Поздравляли и Юту — она стала королевой, но не обрадовалась этому ни капли. Ее бы воля — она скорбела бы по старому королю гораздо дольше, но государственные соображения заставили Остина сократить траур до одного месяца вместо обычных пяти.
Когда срок траура истек, царственная пара отправилась с визитами в соседние государства.

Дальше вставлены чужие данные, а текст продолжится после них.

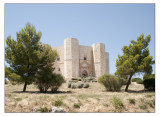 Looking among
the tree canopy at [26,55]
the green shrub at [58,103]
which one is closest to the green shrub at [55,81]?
the tree canopy at [26,55]

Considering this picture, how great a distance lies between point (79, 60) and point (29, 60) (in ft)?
77.0

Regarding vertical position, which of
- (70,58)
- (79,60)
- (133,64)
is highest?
(70,58)

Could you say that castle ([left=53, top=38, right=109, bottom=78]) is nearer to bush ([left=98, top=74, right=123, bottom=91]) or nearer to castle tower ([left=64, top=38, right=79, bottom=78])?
castle tower ([left=64, top=38, right=79, bottom=78])

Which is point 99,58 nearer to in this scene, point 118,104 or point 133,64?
point 133,64

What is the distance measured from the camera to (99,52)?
3475 centimetres

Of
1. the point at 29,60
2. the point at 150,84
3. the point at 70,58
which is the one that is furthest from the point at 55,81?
the point at 70,58

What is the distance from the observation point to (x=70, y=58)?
1268 inches

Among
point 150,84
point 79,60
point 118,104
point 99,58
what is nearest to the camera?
point 118,104

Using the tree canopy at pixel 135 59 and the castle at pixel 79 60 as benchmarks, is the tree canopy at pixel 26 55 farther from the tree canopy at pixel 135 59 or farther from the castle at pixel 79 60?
the castle at pixel 79 60

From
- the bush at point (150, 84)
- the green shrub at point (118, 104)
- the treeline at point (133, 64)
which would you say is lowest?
the green shrub at point (118, 104)

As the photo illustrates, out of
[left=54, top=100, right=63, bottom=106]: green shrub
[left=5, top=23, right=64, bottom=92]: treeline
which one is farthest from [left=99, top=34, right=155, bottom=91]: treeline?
[left=54, top=100, right=63, bottom=106]: green shrub

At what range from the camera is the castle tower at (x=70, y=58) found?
1265 inches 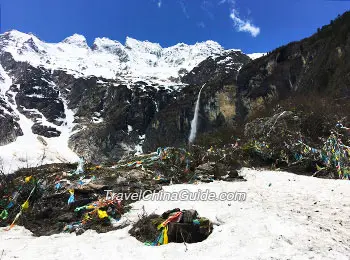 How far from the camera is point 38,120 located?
13900 cm

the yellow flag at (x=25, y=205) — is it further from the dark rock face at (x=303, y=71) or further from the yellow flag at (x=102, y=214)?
the dark rock face at (x=303, y=71)

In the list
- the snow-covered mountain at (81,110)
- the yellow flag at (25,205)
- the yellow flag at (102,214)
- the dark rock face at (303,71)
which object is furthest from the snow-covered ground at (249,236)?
the snow-covered mountain at (81,110)

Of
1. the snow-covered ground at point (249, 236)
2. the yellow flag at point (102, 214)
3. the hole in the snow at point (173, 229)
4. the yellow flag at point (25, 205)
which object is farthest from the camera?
the yellow flag at point (25, 205)

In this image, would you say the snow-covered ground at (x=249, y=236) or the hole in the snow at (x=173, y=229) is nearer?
the snow-covered ground at (x=249, y=236)

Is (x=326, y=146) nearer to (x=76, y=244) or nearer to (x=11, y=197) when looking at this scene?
(x=76, y=244)

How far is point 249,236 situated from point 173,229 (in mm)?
1628

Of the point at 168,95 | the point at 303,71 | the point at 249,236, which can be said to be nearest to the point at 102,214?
the point at 249,236

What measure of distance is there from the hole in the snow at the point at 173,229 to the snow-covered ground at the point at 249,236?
0.74 ft

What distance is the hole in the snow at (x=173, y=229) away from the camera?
6852 mm

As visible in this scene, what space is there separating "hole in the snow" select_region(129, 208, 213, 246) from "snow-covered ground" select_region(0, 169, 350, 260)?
0.74ft

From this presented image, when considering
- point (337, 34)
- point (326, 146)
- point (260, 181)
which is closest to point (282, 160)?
point (326, 146)

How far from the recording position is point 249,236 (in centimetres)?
625

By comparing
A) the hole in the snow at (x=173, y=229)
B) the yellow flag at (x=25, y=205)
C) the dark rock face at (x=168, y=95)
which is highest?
the dark rock face at (x=168, y=95)

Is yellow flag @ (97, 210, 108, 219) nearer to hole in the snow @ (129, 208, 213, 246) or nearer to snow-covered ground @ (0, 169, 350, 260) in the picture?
snow-covered ground @ (0, 169, 350, 260)
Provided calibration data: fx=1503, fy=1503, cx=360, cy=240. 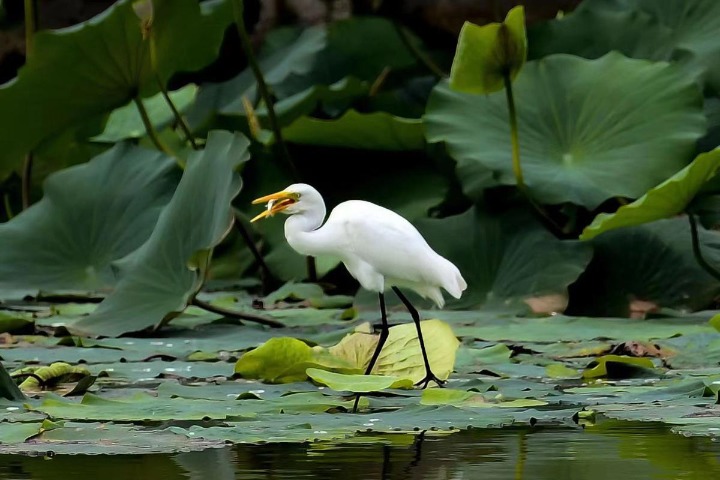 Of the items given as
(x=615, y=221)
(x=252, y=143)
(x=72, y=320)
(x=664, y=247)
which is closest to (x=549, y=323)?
(x=615, y=221)

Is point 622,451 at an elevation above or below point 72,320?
above

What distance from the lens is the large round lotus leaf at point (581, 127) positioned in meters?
5.57

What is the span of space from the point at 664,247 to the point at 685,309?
1.08 ft

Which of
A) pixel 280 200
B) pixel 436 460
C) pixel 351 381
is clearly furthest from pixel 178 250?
pixel 436 460

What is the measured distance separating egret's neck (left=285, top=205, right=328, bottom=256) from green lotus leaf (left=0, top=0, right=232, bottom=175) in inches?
60.1

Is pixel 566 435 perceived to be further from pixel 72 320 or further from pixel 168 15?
pixel 168 15

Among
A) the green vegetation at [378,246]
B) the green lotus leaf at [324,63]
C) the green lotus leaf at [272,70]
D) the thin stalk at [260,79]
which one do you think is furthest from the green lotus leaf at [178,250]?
the green lotus leaf at [272,70]

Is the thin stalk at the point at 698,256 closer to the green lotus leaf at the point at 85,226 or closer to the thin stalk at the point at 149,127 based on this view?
the green lotus leaf at the point at 85,226

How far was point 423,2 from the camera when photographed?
28.8ft

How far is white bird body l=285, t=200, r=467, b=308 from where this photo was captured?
3955mm

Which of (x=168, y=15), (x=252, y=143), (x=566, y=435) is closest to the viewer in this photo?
(x=566, y=435)

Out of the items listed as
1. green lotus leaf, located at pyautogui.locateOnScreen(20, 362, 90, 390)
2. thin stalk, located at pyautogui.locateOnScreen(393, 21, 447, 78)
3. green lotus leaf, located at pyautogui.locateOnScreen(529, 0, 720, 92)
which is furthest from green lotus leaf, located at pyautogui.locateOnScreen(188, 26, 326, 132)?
green lotus leaf, located at pyautogui.locateOnScreen(20, 362, 90, 390)

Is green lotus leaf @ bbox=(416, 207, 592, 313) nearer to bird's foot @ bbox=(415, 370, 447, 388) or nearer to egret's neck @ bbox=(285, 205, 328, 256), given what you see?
egret's neck @ bbox=(285, 205, 328, 256)

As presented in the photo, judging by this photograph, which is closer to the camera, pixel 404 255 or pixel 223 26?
pixel 404 255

С монархами Верхней Конты Остин теперь находился в родстве; молодых короля и королеву встретили там, как своих детей. Неделю Юта блаженствовала, живя в родительском доме и радостно узнавая новости о старых знакомых; но сестры огорчили ее. Будто внезапно отдалившись, оставшись далеко внизу, они не могли побороть неловкости, общаясь с Ютой. Даже Май! Будто корона, опустившись на Ютину голову, разрушила что-то очень важное…
Прощание было невеселым — еще и потому, что предстоял визит в Акмалию.
В акмалийской столице Остина и Юту встретили прохладно и совершенно официально. Король, отец Оливии, вежливо извинился за то, что его дочь не сможет присутствовать на приеме в честь нового контестарского монарха — захворала, отдыхает на природе.
Юта была искренне рада этому. Она почему-то боялась встретить Оливию.
Сели за столы; в зале было непривычно тихо и как-то неуютно. Под тарелкой у Юты оказался маленький, сложенный вдвое листок; вздрогнув, она развернула его.
«Длинноносая сучка ловко окрутила бедолагу-принца».